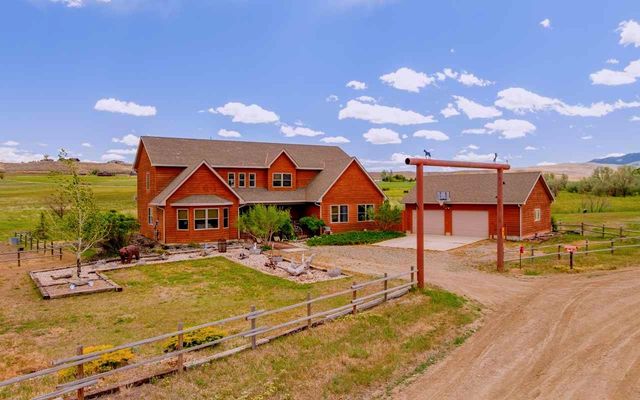 67 Panorama Ln, Cody, WY 82414 property photo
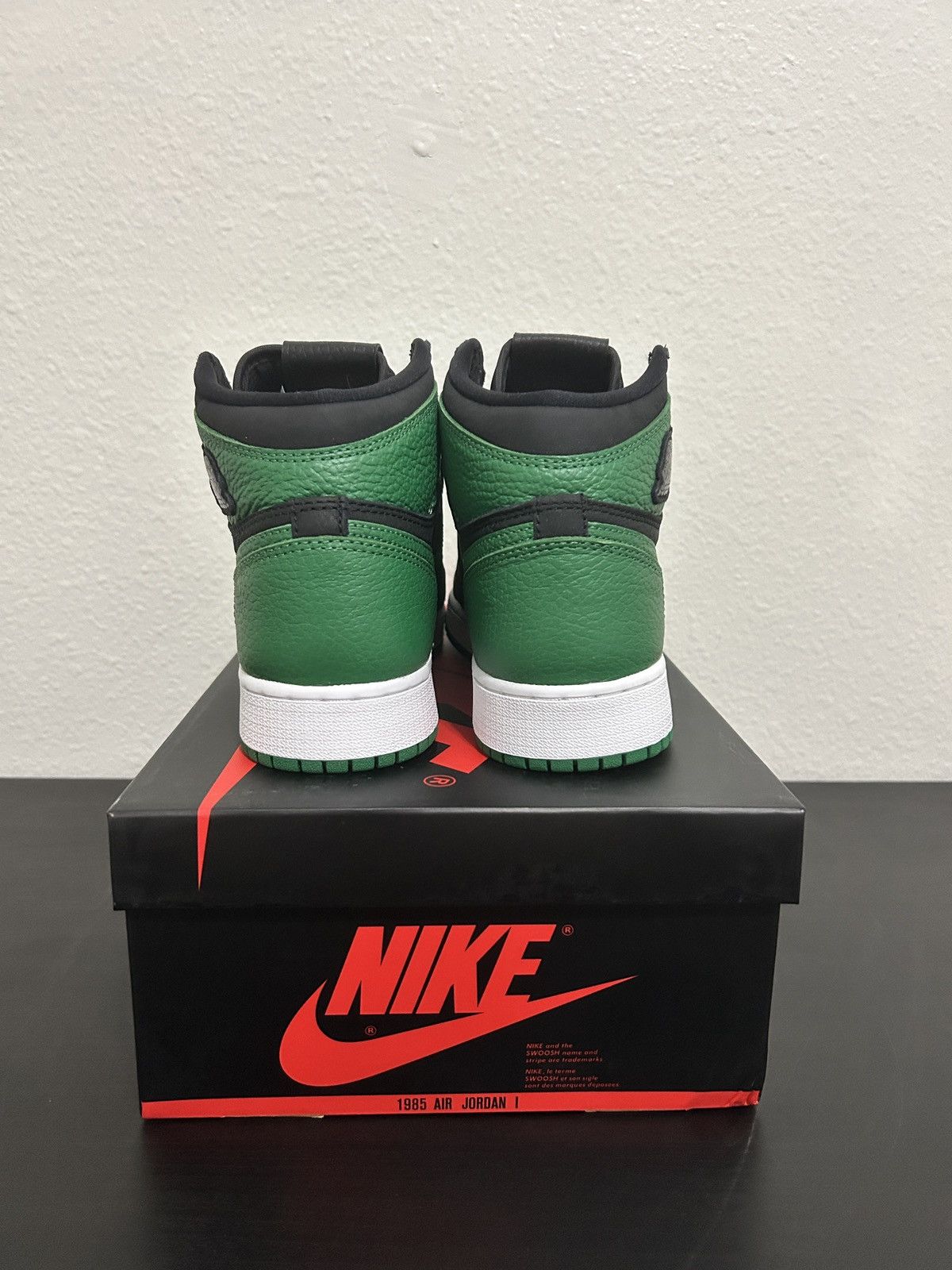 Jordan Brand Jordan 1 High Pine Green Size US 5.5 / IT 35.5 - 2 Thumbnail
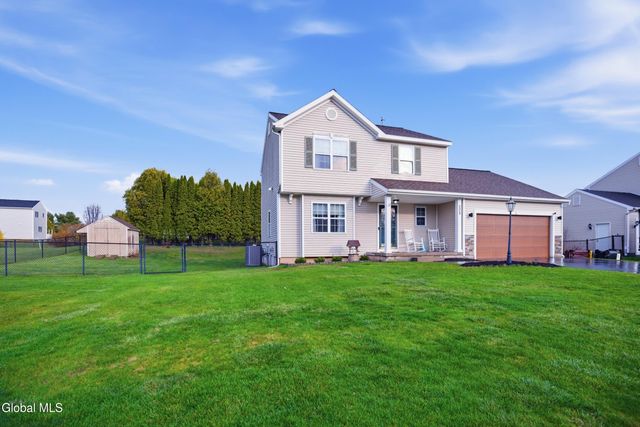 208 Springdale Way, Rotterdam, NY 12306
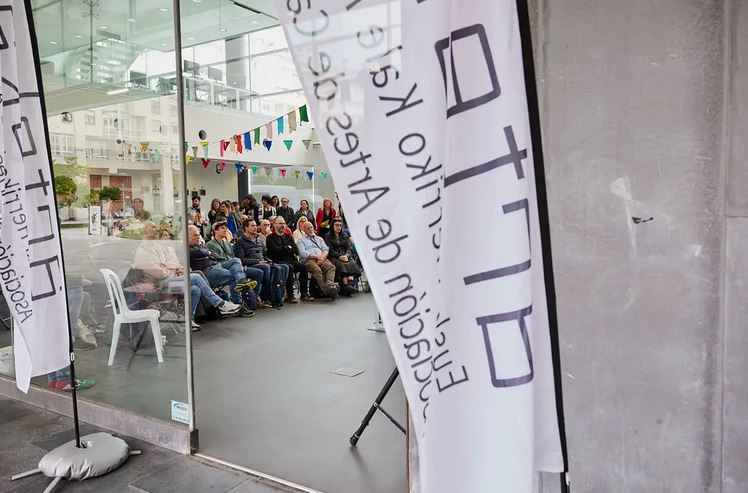 ‘Kaleko emanaldien hizkuntzen erabilera’ solasaldi irekia izango da gaur Kultur Leioan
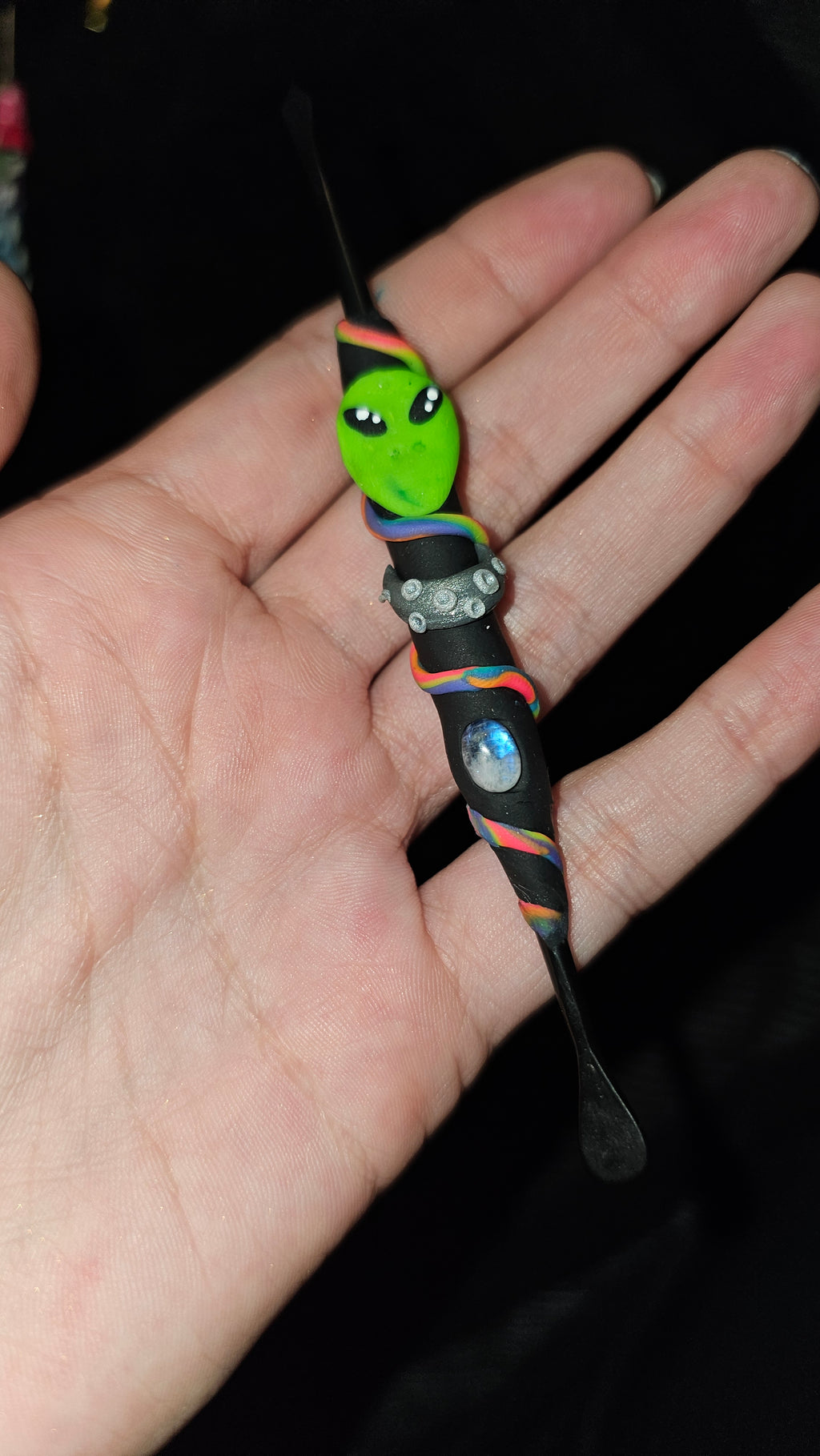 Alien moonstone dab tool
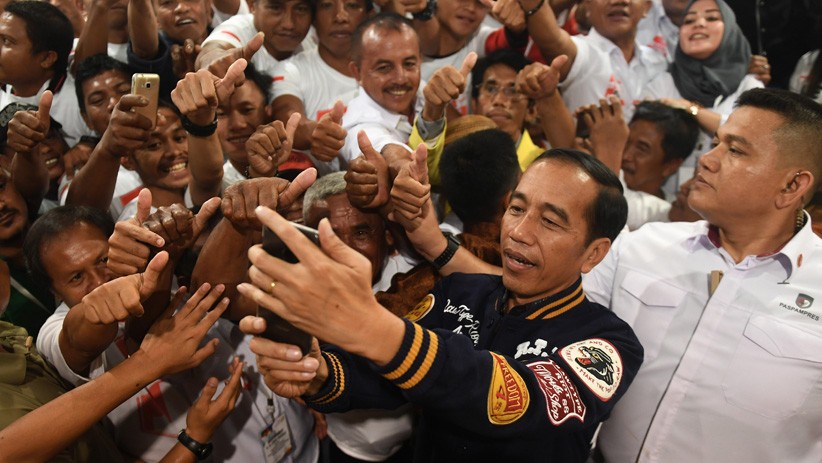 Presiden Jokowi Sapa Warga dan Pedagang Pasar Sentral Gorontalo - Bagian 4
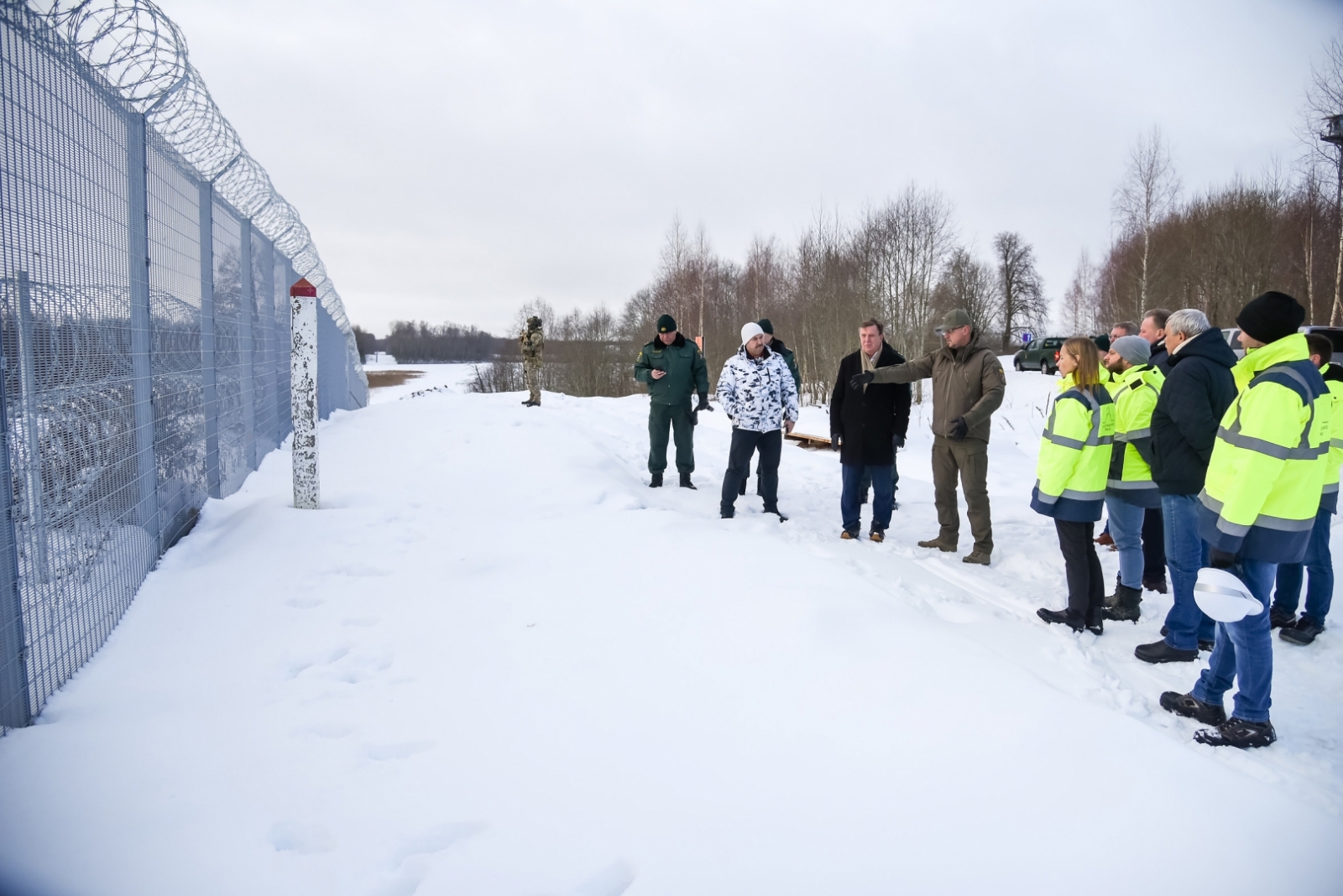 Valsts robežsardzes priekšnieks kopā ar Iekšlietu ministru apmeklē valsts robežu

** Task requirements **
When you set down the records above, copy every line exactly and exclude the pictures.

** Exercise solution **
 67 Panorama Ln, Cody, WY 82414 property photo
 Jordan Brand Jordan 1 High Pine Green Size US 5.5 / IT 35.5 - 2 Thumbnail
 208 Springdale Way, Rotterdam, NY 12306
 ‘Kaleko emanaldien hizkuntzen erabilera’ solasaldi irekia izango da gaur Kultur Leioan
 Alien moonstone dab tool
 Presiden Jokowi Sapa Warga dan Pedagang Pasar Sentral Gorontalo - Bagian 4
 Valsts robežsardzes priekšnieks kopā ar Iekšlietu ministru apmeklē valsts robežu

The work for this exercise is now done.